### Exercise objective
Somewhere below is a line with "Тормозной диск CAR" and, later, a line with "Merchandise - Pyramid"; repeat those two lines and all the lines between them, exactly as they are.

### Exercise data
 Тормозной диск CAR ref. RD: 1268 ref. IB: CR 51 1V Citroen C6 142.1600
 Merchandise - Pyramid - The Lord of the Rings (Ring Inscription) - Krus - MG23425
==
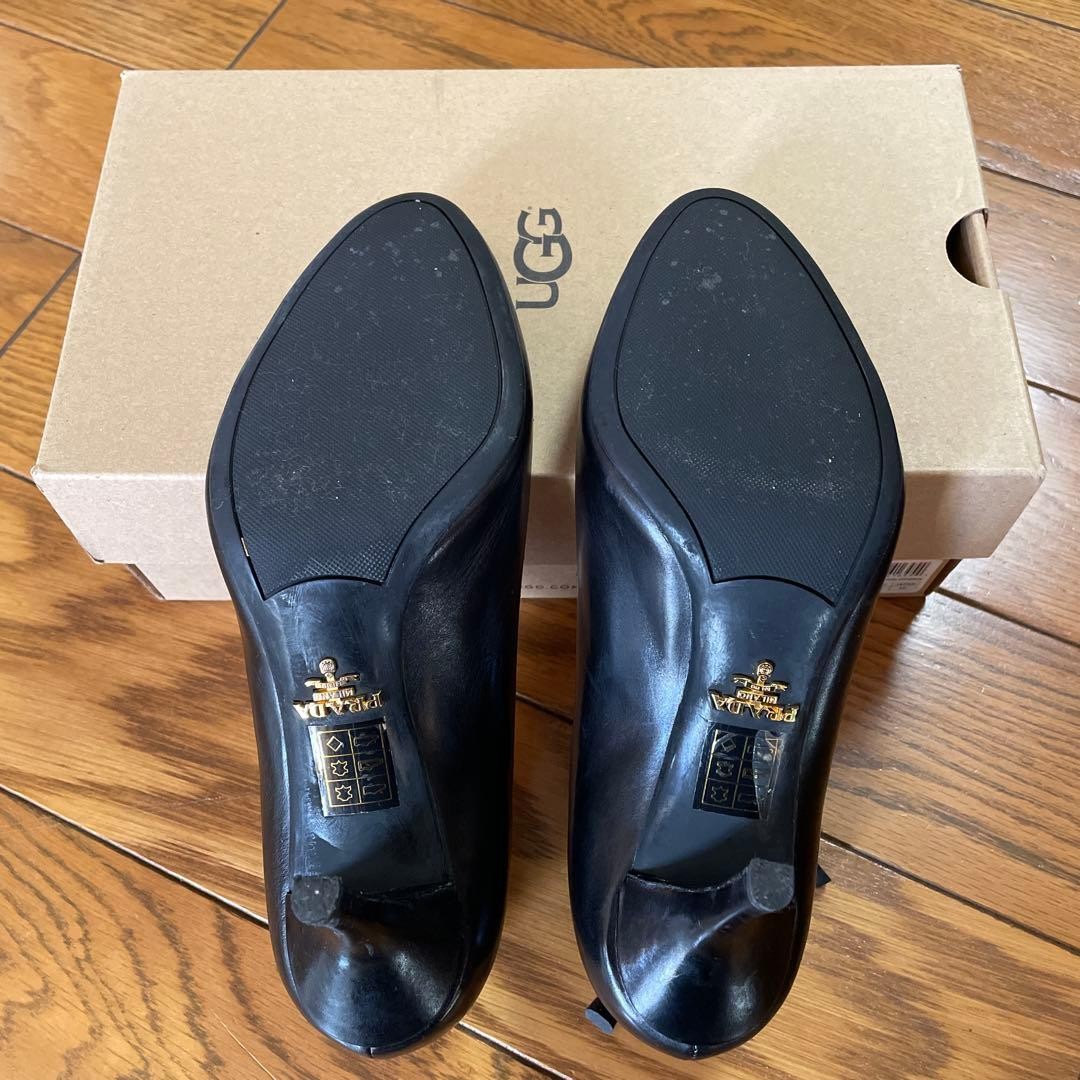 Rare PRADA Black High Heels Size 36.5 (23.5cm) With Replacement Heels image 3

### Exercise output
 Тормозной диск CAR ref. RD: 1268 ref. IB: CR 51 1V Citroen C6 142.1600
 Merchandise - Pyramid - The Lord of the Rings (Ring Inscription) - Krus - MG23425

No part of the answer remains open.